君と始める最後の恋
 リビングに顔を出すと、先輩はグラスに氷を入れてテーブルに並べてくれていた。


「飲むでしょ。」


 そう言いながら先程買ったお酒を並べてくれている。


「はい、いただきます!」


 先輩と一緒にソファーに座って、グラスにお酒を注いで「乾杯」と2人でグラスをぶつけ合い、そのままお酒を口の中に流し込んで緊張を隠す。

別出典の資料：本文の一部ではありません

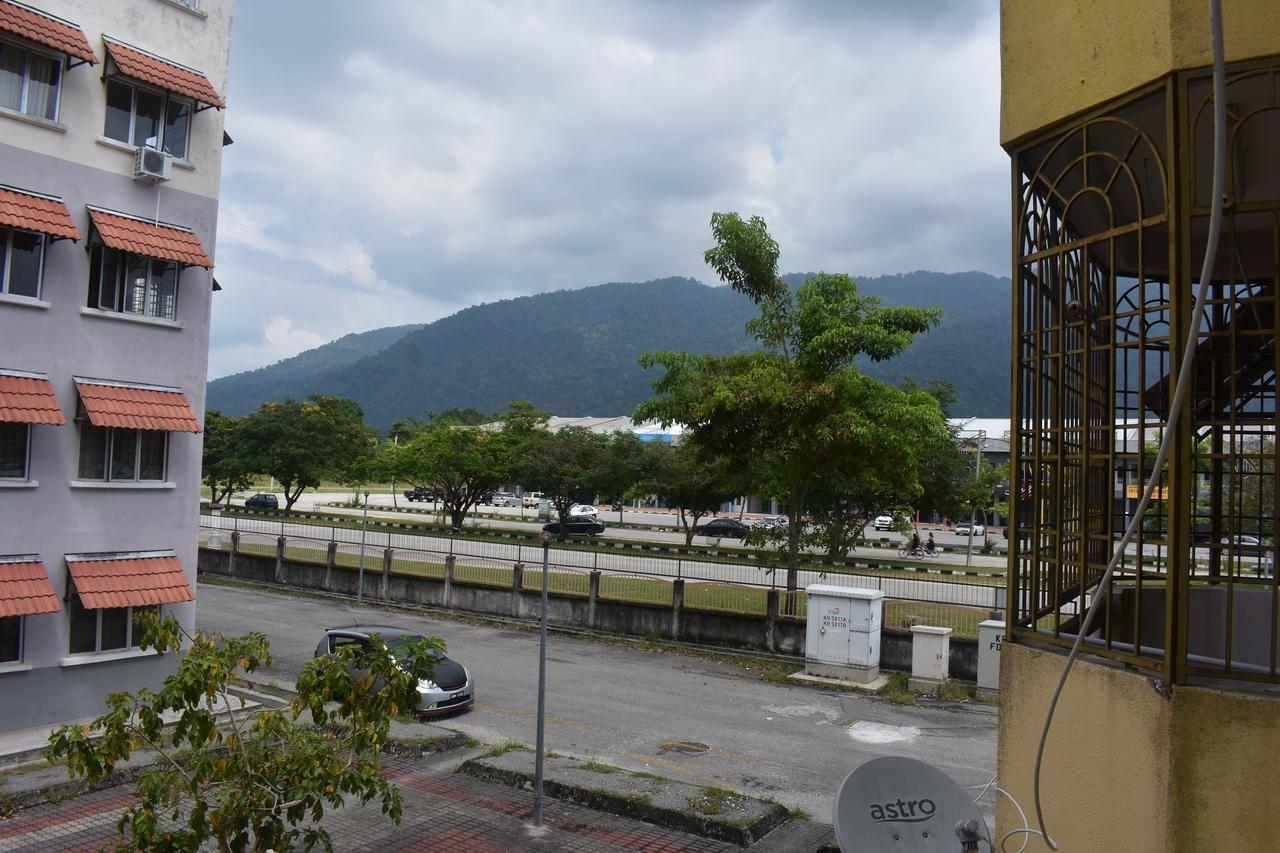 Kelly Cozy * Kampar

 緊張の中たまたま目に付いたのは、今日買ってもらったレッサーパンダのぬいぐるみの袋だった。袋の中からレッサーパンダのぬいぐるみを取り出して両手で掴む。改めて似てるって言われた事に首を傾げてしまう。


「今日、すごく楽しかったです。これも嬉しいです。」


 先輩にそう伝えると、レッサーパンダに目が向いている。


「あんなに歩き回ったの久しぶり。ぬいぐるみを買ったのも。」

「確かに、ぬいぐるみを買う先輩可愛かったです。」

「はあ?バカにしてんの?」


 先輩は私の頬を抓ってくる。


「してないです!格好良いです!」

「バカ。」


 呆れた様に笑う先輩に私も少し笑い返す。